It was a 100 miles MS ride that had me going the full range of feelings and emotions. There were three of us and sometimes four in our group.
The ride organizers did provide some interesting diversions, however.
The Cue Sheet was sent out ahead of time. However, instead of something foldable that would fit in a cue sheet holder
We got about 12 pages with:
At 1.2 miles, turn Right onto Main Street
Stay on Main Street for 1.2 miles, then
Turn Left onto 22nd Avenue
Fortunately, since we received this a week before the ride, I was able to re write it so it would be usable.
The motorcycle club lead out was supposed to be some version of rider support. We did not see any of them until well into the ride. A single motorcyclist was sitting in a parking lot waiting for us. He said all his buddies left after the lead out. He stayed with us until the very end, however.
At the start of the ride we had a 15 mph wind at our back. And, of course, we were all full of whatever we get full of when first starting a ride like this. We did pay for this on the way back. Although the ride was a narrow loop, it was ride East for 50 miles, then ride West for 50 miles
On the way back, along one seven mile stretch I quickly discovered the value of pace lining, when the biggest rider pulled to the front. Most unkindly, however, everyone else “forgot?” to pull until we got off the beach.
About mile 75 I decided to bonk. Well, I didn’t really decide to bonk . . . I just did. Got on my bike…got off my bike…sat down…drank two quarts of water over the next half hour…and took a swallow every five minutes after that.
The hotdogs and hamburgers at the end of ride almost didn’t happen. It seems the organizers had forgotten all about the century riders and were in the midst of packing thing up. Our motorcycle shepherd had called them to give them a heads up. It seems they went out and bought more food at that point.
I survived the ride with a sore butt.
That evening, I vowed to never ride a century again.
However when Susan (my wife) decided to her first century, in September 2008, I agreed to ride along with her, of course.
With us, one other rider, Bill, from our club, joined us.
It was supposed to be flat . . . we thought . . . there are no hills in that part of Long Island, NY.
Ah the first 25 miles were a breeze and a joy.

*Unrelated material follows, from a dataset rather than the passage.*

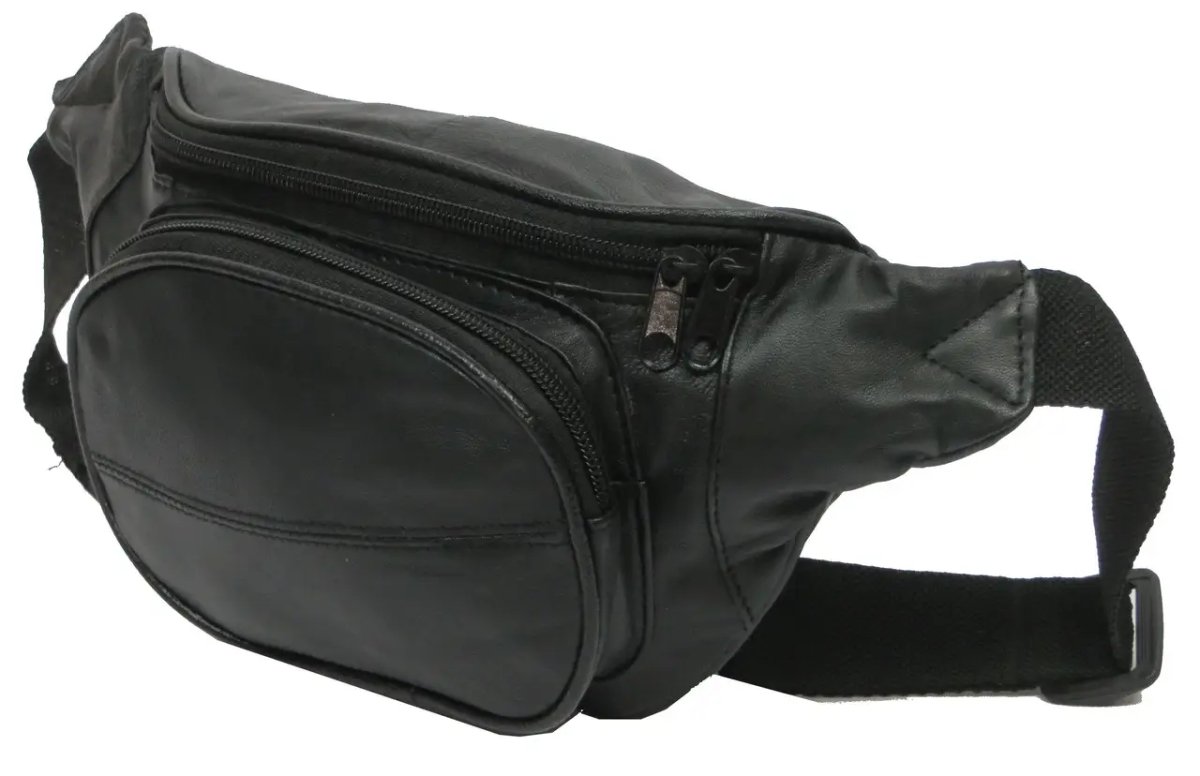 ФОТО КАРТИНКИ ЗОБРАЖЕННЯ Кожаная поясная сумка, бананка CAVALDI 903-353 черная 903-353 black РОЗДРІБ ОПТ ГУРТ ГУРТОМ ОПТОМ! З ЄВРОПИ! ЯКІСТЬ! Купити Львів Характеристики Ціна Оплата Доставка "БОГОДАР" ІНТЕРНЕТ-МАГАЗИН Огляд Рейтинг Порівняння Як вибрати Якісний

After the next 35 miles along with wind and hills, my wife was ready to call it day. Bill and I encouraged her to go on.
It went like this:
…more hills, much frustration, but stubborn determination
…Bill and I took turns keeping her company, because the pace was slooow
…finally, about mile 85 back to the flats, with the end in sight
…at the last rest stop, at mile 92 we were told that the actual ride was 105 miles, but the short cut was a smidgen under 100. We took the shortcut and came in at 99.8 miles.
…the solution was to ride down the flat road until the odometer hit 99.9, then ride back for an even 100, which we did.
A century is a long ride, but the sense of accomplishment is real.
Was it worth it? Just look at our faces.
What was our average? We decided that was not important.
Were we planning our next century? fugetaboutit
What happened to Bill? I think he is with Waldo.
Would we recommend it? Staying away from that one.
At that point we decided that a metric century was plenty of bike ride.
We have not done more than 72 miles in a single day since.